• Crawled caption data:
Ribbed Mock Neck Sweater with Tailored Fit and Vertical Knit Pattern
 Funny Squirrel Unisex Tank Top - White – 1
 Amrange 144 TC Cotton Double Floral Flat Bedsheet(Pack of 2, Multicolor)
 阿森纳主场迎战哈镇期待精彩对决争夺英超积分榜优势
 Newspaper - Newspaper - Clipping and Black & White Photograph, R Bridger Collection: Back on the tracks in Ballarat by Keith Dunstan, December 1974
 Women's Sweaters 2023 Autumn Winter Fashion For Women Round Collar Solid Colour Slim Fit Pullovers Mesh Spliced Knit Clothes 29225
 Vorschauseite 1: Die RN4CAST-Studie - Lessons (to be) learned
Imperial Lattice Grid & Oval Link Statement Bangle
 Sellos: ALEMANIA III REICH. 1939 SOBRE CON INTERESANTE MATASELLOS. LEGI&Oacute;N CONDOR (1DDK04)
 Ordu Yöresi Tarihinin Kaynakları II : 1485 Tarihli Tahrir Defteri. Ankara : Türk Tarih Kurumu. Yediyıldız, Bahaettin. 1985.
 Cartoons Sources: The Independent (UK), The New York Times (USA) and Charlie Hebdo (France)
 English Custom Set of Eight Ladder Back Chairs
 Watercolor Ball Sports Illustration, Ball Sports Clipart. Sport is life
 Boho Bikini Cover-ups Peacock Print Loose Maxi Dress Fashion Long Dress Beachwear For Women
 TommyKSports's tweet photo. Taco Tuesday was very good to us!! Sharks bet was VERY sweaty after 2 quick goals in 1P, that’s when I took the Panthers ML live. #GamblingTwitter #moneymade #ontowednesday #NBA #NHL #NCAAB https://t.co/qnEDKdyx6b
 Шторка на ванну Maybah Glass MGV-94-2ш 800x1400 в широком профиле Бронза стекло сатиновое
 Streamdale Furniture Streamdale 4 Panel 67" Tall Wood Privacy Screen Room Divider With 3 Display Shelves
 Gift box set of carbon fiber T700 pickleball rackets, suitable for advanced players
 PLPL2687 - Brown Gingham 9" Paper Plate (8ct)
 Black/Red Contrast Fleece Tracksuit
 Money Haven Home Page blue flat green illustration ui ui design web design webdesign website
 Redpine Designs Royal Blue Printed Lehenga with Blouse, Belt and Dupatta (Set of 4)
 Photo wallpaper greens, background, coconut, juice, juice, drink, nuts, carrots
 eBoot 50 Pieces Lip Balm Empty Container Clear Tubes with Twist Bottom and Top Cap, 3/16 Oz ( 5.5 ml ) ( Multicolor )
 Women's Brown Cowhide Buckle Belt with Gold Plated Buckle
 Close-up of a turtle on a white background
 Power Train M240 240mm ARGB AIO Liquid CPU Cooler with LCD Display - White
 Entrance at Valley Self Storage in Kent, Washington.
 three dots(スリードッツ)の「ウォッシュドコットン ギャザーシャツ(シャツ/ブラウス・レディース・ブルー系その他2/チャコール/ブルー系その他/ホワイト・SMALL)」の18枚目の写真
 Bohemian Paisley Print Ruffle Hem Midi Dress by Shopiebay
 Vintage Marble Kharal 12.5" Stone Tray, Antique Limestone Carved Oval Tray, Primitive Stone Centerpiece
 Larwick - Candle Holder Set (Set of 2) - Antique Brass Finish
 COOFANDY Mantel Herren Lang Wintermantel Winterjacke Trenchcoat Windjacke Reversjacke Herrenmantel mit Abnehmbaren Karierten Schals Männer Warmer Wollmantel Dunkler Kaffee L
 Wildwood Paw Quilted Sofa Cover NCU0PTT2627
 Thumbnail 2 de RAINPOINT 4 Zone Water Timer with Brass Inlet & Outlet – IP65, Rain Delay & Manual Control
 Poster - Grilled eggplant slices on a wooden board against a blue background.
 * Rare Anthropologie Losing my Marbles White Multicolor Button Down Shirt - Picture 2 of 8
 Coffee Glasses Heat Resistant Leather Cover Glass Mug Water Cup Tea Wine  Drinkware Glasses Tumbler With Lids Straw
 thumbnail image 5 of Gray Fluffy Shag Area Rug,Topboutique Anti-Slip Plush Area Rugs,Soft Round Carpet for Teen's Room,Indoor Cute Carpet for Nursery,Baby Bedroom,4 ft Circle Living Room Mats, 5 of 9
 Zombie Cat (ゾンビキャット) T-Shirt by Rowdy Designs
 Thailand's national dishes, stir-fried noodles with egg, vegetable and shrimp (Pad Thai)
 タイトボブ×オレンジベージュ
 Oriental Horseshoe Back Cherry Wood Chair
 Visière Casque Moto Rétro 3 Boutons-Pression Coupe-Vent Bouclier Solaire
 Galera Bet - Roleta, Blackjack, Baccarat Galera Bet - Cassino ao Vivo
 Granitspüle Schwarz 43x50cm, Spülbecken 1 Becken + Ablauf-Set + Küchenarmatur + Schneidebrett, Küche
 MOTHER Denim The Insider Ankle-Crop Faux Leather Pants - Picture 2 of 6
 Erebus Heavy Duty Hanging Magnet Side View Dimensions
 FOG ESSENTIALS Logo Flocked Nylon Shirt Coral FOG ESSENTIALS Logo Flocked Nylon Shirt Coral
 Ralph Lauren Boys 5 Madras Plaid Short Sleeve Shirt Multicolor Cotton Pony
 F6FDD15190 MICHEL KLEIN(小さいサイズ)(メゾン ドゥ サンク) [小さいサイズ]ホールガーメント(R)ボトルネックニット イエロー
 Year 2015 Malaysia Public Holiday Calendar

• What is being asked:
Each of the entries must be set down again exactly.

• Finished task:
Ribbed Mock Neck Sweater with Tailored Fit and Vertical Knit Pattern
 Funny Squirrel Unisex Tank Top - White – 1
 Amrange 144 TC Cotton Double Floral Flat Bedsheet(Pack of 2, Multicolor)
 阿森纳主场迎战哈镇期待精彩对决争夺英超积分榜优势
 Newspaper - Newspaper - Clipping and Black & White Photograph, R Bridger Collection: Back on the tracks in Ballarat by Keith Dunstan, December 1974
 Women's Sweaters 2023 Autumn Winter Fashion For Women Round Collar Solid Colour Slim Fit Pullovers Mesh Spliced Knit Clothes 29225
 Vorschauseite 1: Die RN4CAST-Studie - Lessons (to be) learned
Imperial Lattice Grid & Oval Link Statement Bangle
 Sellos: ALEMANIA III REICH. 1939 SOBRE CON INTERESANTE MATASELLOS. LEGI&Oacute;N CONDOR (1DDK04)
 Ordu Yöresi Tarihinin Kaynakları II : 1485 Tarihli Tahrir Defteri. Ankara : Türk Tarih Kurumu. Yediyıldız, Bahaettin. 1985.
 Cartoons Sources: The Independent (UK), The New York Times (USA) and Charlie Hebdo (France)
 English Custom Set of Eight Ladder Back Chairs
 Watercolor Ball Sports Illustration, Ball Sports Clipart. Sport is life
 Boho Bikini Cover-ups Peacock Print Loose Maxi Dress Fashion Long Dress Beachwear For Women
 TommyKSports's tweet photo. Taco Tuesday was very good to us!! Sharks bet was VERY sweaty after 2 quick goals in 1P, that’s when I took the Panthers ML live. #GamblingTwitter #moneymade #ontowednesday #NBA #NHL #NCAAB https://t.co/qnEDKdyx6b
 Шторка на ванну Maybah Glass MGV-94-2ш 800x1400 в широком профиле Бронза стекло сатиновое
 Streamdale Furniture Streamdale 4 Panel 67" Tall Wood Privacy Screen Room Divider With 3 Display Shelves
 Gift box set of carbon fiber T700 pickleball rackets, suitable for advanced players
 PLPL2687 - Brown Gingham 9" Paper Plate (8ct)
 Black/Red Contrast Fleece Tracksuit
 Money Haven Home Page blue flat green illustration ui ui design web design webdesign website
 Redpine Designs Royal Blue Printed Lehenga with Blouse, Belt and Dupatta (Set of 4)
 Photo wallpaper greens, background, coconut, juice, juice, drink, nuts, carrots
 eBoot 50 Pieces Lip Balm Empty Container Clear Tubes with Twist Bottom and Top Cap, 3/16 Oz ( 5.5 ml ) ( Multicolor )
 Women's Brown Cowhide Buckle Belt with Gold Plated Buckle
 Close-up of a turtle on a white background
 Power Train M240 240mm ARGB AIO Liquid CPU Cooler with LCD Display - White
 Entrance at Valley Self Storage in Kent, Washington.
 three dots(スリードッツ)の「ウォッシュドコットン ギャザーシャツ(シャツ/ブラウス・レディース・ブルー系その他2/チャコール/ブルー系その他/ホワイト・SMALL)」の18枚目の写真
 Bohemian Paisley Print Ruffle Hem Midi Dress by Shopiebay
 Vintage Marble Kharal 12.5" Stone Tray, Antique Limestone Carved Oval Tray, Primitive Stone Centerpiece
 Larwick - Candle Holder Set (Set of 2) - Antique Brass Finish
 COOFANDY Mantel Herren Lang Wintermantel Winterjacke Trenchcoat Windjacke Reversjacke Herrenmantel mit Abnehmbaren Karierten Schals Männer Warmer Wollmantel Dunkler Kaffee L
 Wildwood Paw Quilted Sofa Cover NCU0PTT2627
 Thumbnail 2 de RAINPOINT 4 Zone Water Timer with Brass Inlet & Outlet – IP65, Rain Delay & Manual Control
 Poster - Grilled eggplant slices on a wooden board against a blue background.
 * Rare Anthropologie Losing my Marbles White Multicolor Button Down Shirt - Picture 2 of 8
 Coffee Glasses Heat Resistant Leather Cover Glass Mug Water Cup Tea Wine  Drinkware Glasses Tumbler With Lids Straw
 thumbnail image 5 of Gray Fluffy Shag Area Rug,Topboutique Anti-Slip Plush Area Rugs,Soft Round Carpet for Teen's Room,Indoor Cute Carpet for Nursery,Baby Bedroom,4 ft Circle Living Room Mats, 5 of 9
 Zombie Cat (ゾンビキャット) T-Shirt by Rowdy Designs
 Thailand's national dishes, stir-fried noodles with egg, vegetable and shrimp (Pad Thai)
 タイトボブ×オレンジベージュ
 Oriental Horseshoe Back Cherry Wood Chair
 Visière Casque Moto Rétro 3 Boutons-Pression Coupe-Vent Bouclier Solaire
 Galera Bet - Roleta, Blackjack, Baccarat Galera Bet - Cassino ao Vivo
 Granitspüle Schwarz 43x50cm, Spülbecken 1 Becken + Ablauf-Set + Küchenarmatur + Schneidebrett, Küche
 MOTHER Denim The Insider Ankle-Crop Faux Leather Pants - Picture 2 of 6
 Erebus Heavy Duty Hanging Magnet Side View Dimensions
 FOG ESSENTIALS Logo Flocked Nylon Shirt Coral FOG ESSENTIALS Logo Flocked Nylon Shirt Coral
 Ralph Lauren Boys 5 Madras Plaid Short Sleeve Shirt Multicolor Cotton Pony
 F6FDD15190 MICHEL KLEIN(小さいサイズ)(メゾン ドゥ サンク) [小さいサイズ]ホールガーメント(R)ボトルネックニット イエロー
 Year 2015 Malaysia Public Holiday Calendar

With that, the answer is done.